By Marianne Daly
Published July 18, 2016
Christmas Eve at the Jubilee Motel promo image
Was it suspenseful or confusing? I vacillated between these two states while watching the drama at the Julibee Motel unfold.
Cassie, the owner of the Julibee Motel, is able to figure out who Mick, the handsome man with the very expensive car, is but not why he is so desperate to stay at her cheap pay-by-the-hour motel on Christmas Eve, apart from seeking shelter from a storm.
Cassie escapes the pain of her past and present life by listening to and making up stories. This is an interesting premise, but it can also feel very confusing when the audience doesn't know if they can ever believe anything she tells the stranger. This made it more challenging to empathize with her as the story was unfolding.
Mick has grown up able to get whatever he wants, but it is unclear what he really wants besides a room for the night. Mick is suffering from an unspecified illness and he seems to be running away from something. Is he a criminal?

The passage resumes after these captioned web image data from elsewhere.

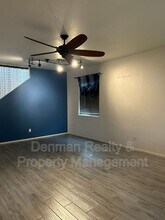 7044 W Alta Vista Rd in Phoenix, AZ - Building Photo - Building Photo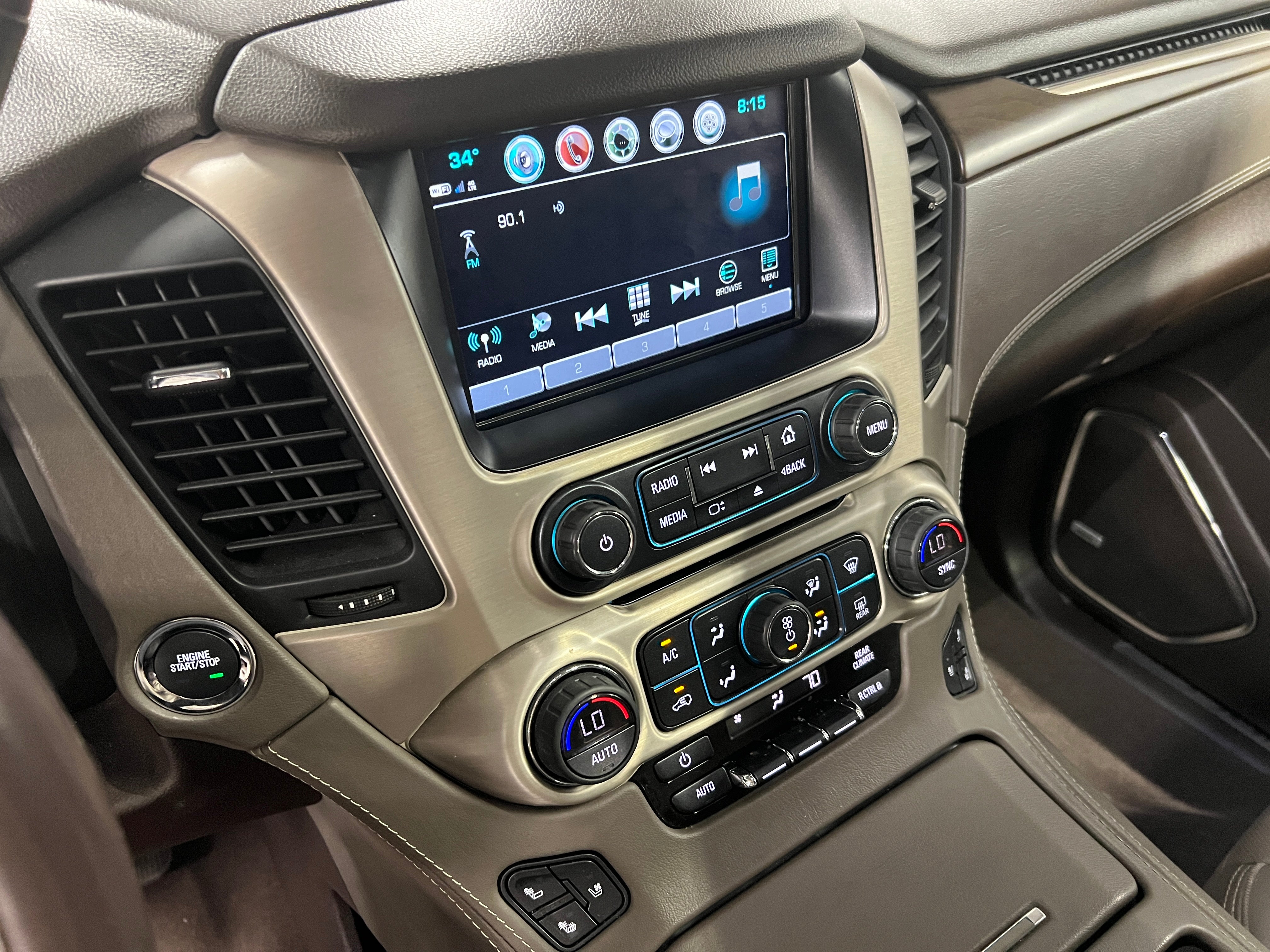 2019 GMC Yukon Denali 3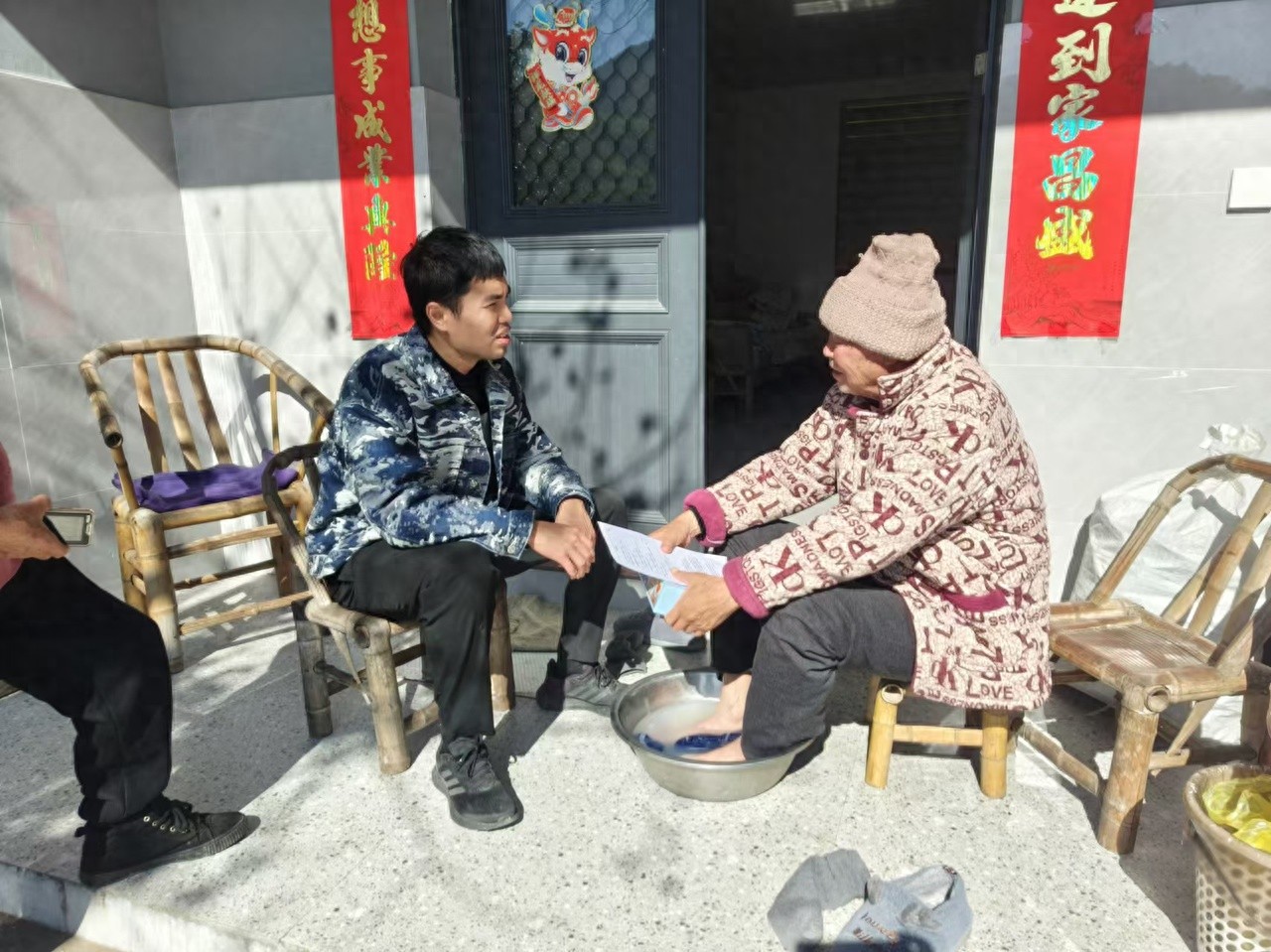大爷，这张纸巾藏着平安密码，不看后悔！网格员小李揭秘防骗秘籍  第1张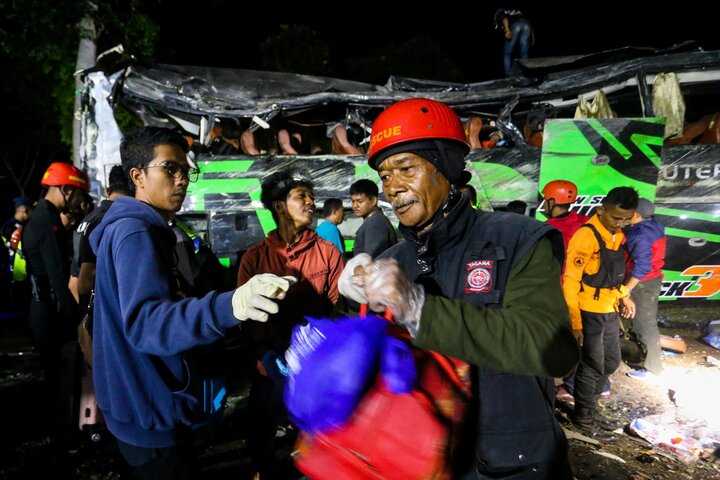 Indonesia school bus crash kills 11, dozens injured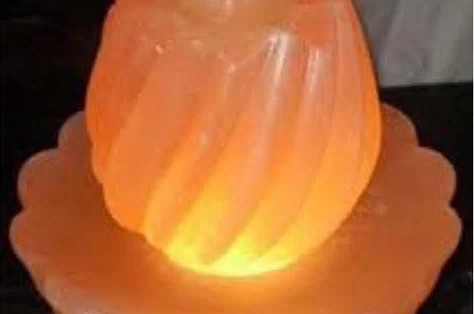 Himalayan Salt Lamp — Twist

Are they going to have sex or is someone going to be killed with the gun? The feeling of being held in the spell of suspense feels exciting, while confusion feels uncomfortable and can be frustrating if one feels they are really paying attention and should have a better sense of what is going on.
Aimee Kessler Evans and James Thomas in Christmas Eve at the Jubilee Motel, promo image
The performances of both Aimee Kessler Evans and James Thomas were compelling. These two lone souls don't seem to have anything in common except that they are left alone on Christmas Eve.
There was a moment when I felt there was no way all the loose ends could be tied together before the play ends. Then the details of the characters' life stories are revealed in a very satisfying way.
If you are in the mood for a good adult suspense drama, then do go and see this play!